## Dataset content
+++

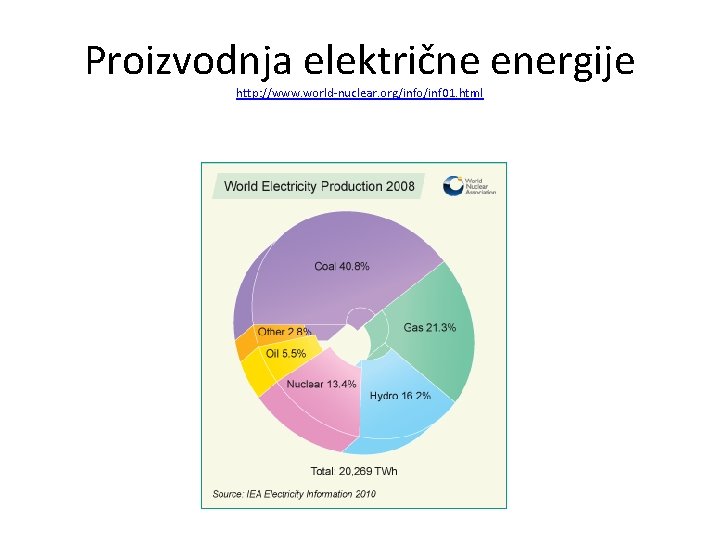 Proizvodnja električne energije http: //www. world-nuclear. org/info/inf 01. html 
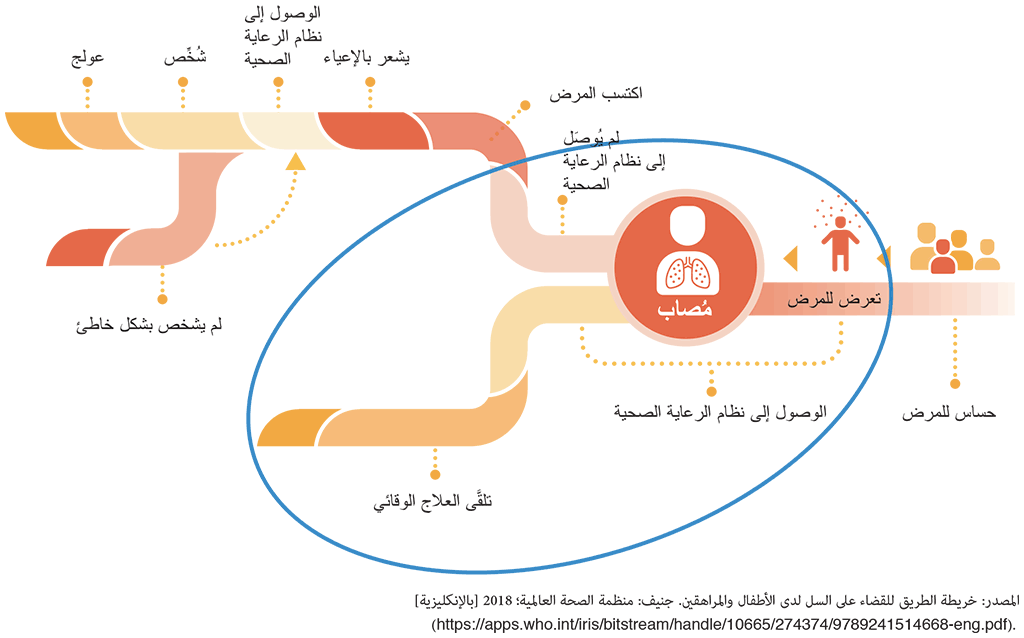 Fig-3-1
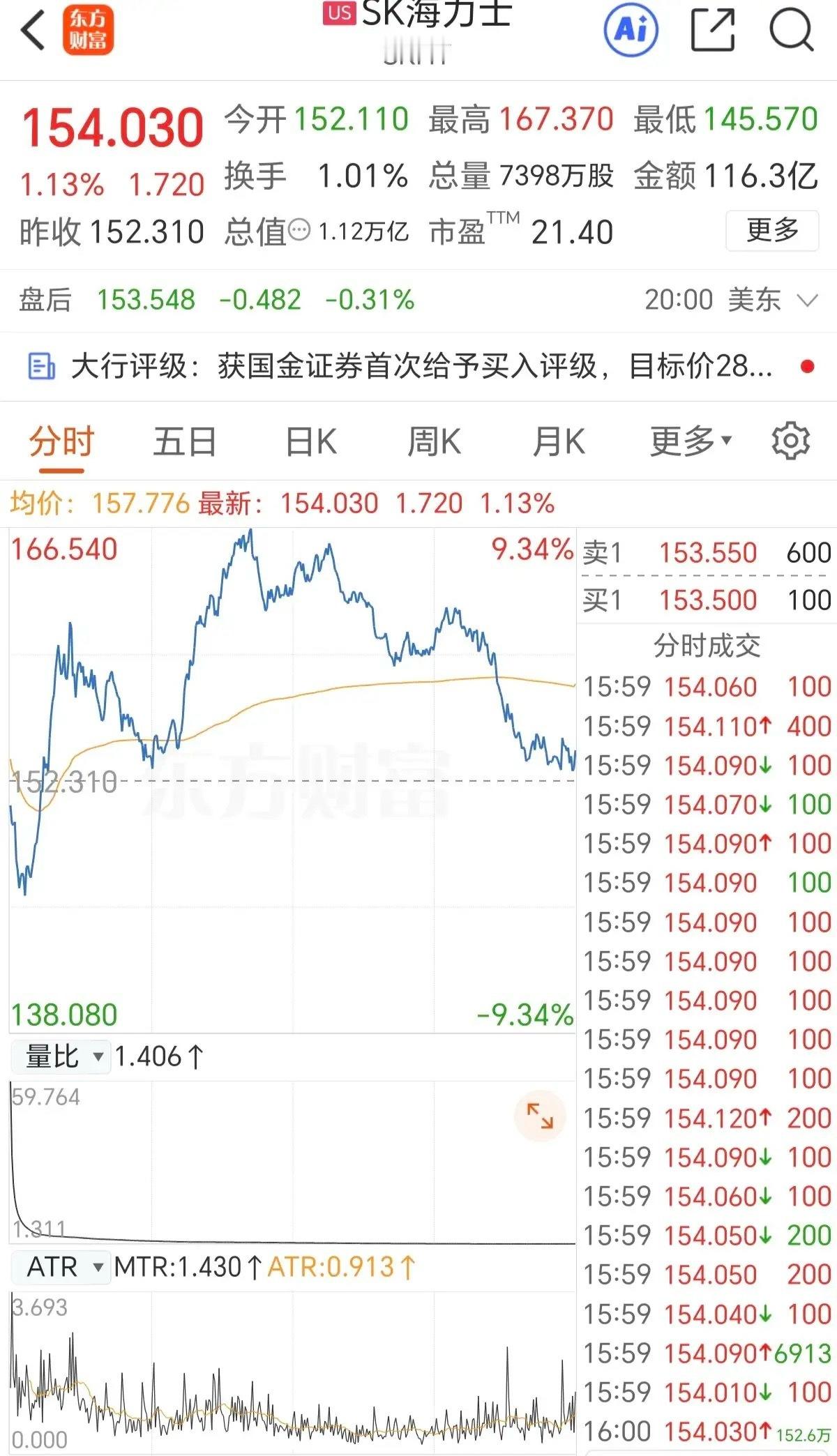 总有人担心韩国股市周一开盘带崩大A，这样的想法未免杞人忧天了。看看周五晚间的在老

+++

## Exercise instructions
Pictures in the data above should not be copied; transcribe everything else exactly.

## Output of the exercise
 Proizvodnja električne energije http: //www. world-nuclear. org/info/inf 01. html 
 Fig-3-1
 总有人担心韩国股市周一开盘带崩大A，这样的想法未免杞人忧天了。看看周五晚间的在老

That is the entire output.